When we think of digital platforms, we imagine the Windows, Apple, or Android operating systems as platforms or foundations that allow software applications to work. These operating systems connect application developers with a phone or computer users. The prevalent discourse on platforms considers YouTube and Uber platforms that serve as intermediaries among users, producers, and advertisers (see Gillespie 2010). At one level, memory cards are platforms that consist of hardware and software components that permit music to be recorded, stored, and played. At another level, memory cards span different emerging platform systems of audio/dvd players, mobile phones, and tv sets and become part of these various sensory infrastructures. Memory cards reconfigure various mobile media assemblages and create an ecosystem of platforms around them. We further analyze the agency of actors involved in such a platform ecosystem and in what ways they can be considered intermediaries.

‘Platform’ has emerged in the discourse on digital industries as a way to showcase the computational infrastructure that supports social media applications and user-generated content (Gillespie 2010). While retaining this understanding, we stress platform’s characteristics that are foundational for and supportive of user expression and sociality, its ability to cross national contexts (Jin 2015), and its regional specificities (Steinberg 2014). We investigate regional standards and formats that allow similar Chinese dvd players to be sold in India and North Korea that play not only dvds but also videos on memory cards. While mapping digital memory in relation to music in the ‘First World’ makes us think of platforms such as Napster and Spotify and then about cloud computing and server farms, the story of memory cards in the rural hinterlands of India gestures toward a different trajectory of informal circulation. Digitalization has led to the micromaterialization of music: the mp3 phenomenon plays out in different ways in different parts of the world: on the one hand, streaming and cloud computing; on the other, the flash memory of microSD cards and usb drives7 .
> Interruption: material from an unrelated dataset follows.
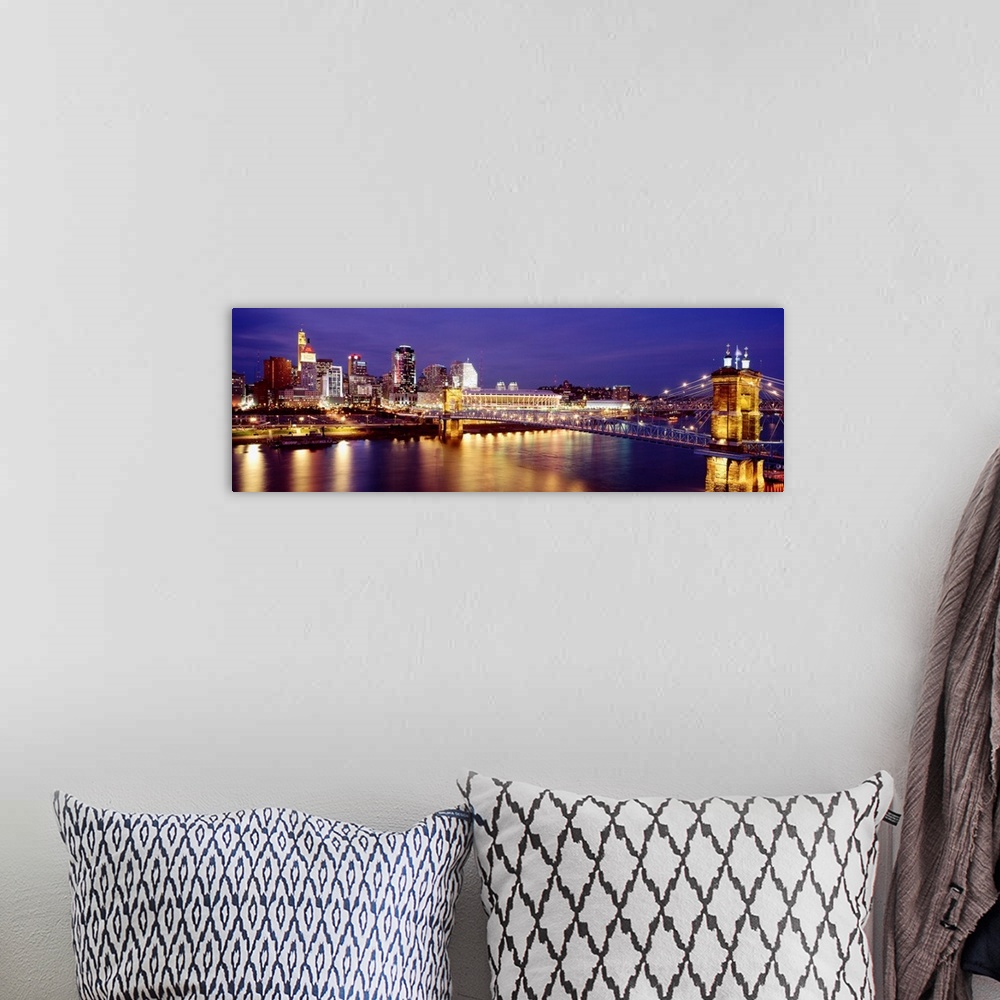 A bohemian room featuring Horizontal photograph on a large canvas of the night lights of Cincinnati's downtown waterfront a...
Little work has been done on memory cards because they are considered either part of piratical economies or merely a transient phenomenon that will soon disappear with the coming of seamless internet connection for all.8 This is the case despite the transformation in the music industry since the beginning of the use of memory cards in conjunction with mobile phones: many research interviewees in Neha Kumar and Tapan Parikh’s (2013) ethnography of music practices in Bikaner, a town in the province of Rajasthan, India, emphatically declared that cds and dvds are gathering dust since the emergence of mobile phones equipped with memory card slots.

Although music audio and video downloads to memory cards are often considered ‘illegal’, they have become part of informal economies and the practices of mobile phone repair, format conversion, and sim card and phone battery recharging services (see Kumar & Parikh 2013; Mukherjee & Singh forthcoming). In 2009, the Indian Music Industry (imi) promised to address ‘mobile chip piracy’ by marketing a license specifically for ‘download vendors’ or ‘download operators’.9 Aditi Deo (2013) explains that this license, called ‘mobile music exchange’, was a ‘blanket license that allowed vendors to legally sell downloads of music and media that were within the copyright of imi members’.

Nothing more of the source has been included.